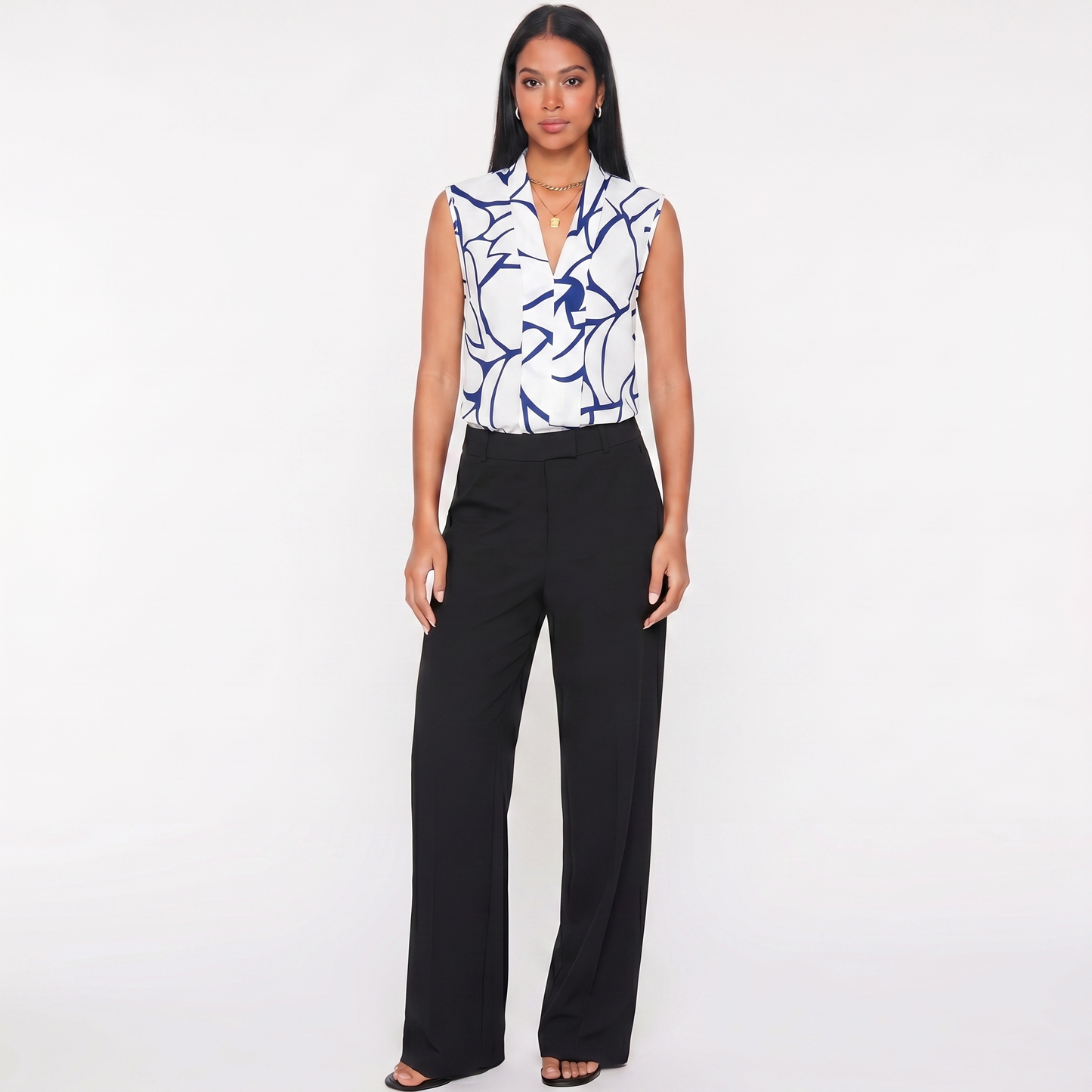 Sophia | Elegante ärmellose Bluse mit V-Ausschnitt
────
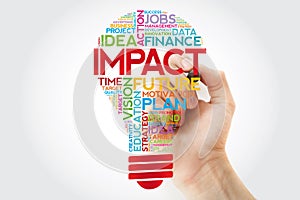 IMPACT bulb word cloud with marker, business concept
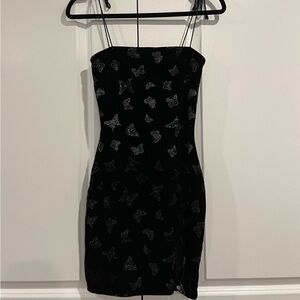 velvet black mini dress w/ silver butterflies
────
• [ABOUT THIS EXERCISE] Using the material above, reproduce only the lines that run from the line with "IMPACT bulb word" up to and including the line with "velvet black mini", exactly, with the pictures dropped.

• [WRITTEN RESPONSE]
 IMPACT bulb word cloud with marker, business concept
 velvet black mini dress w/ silver butterflies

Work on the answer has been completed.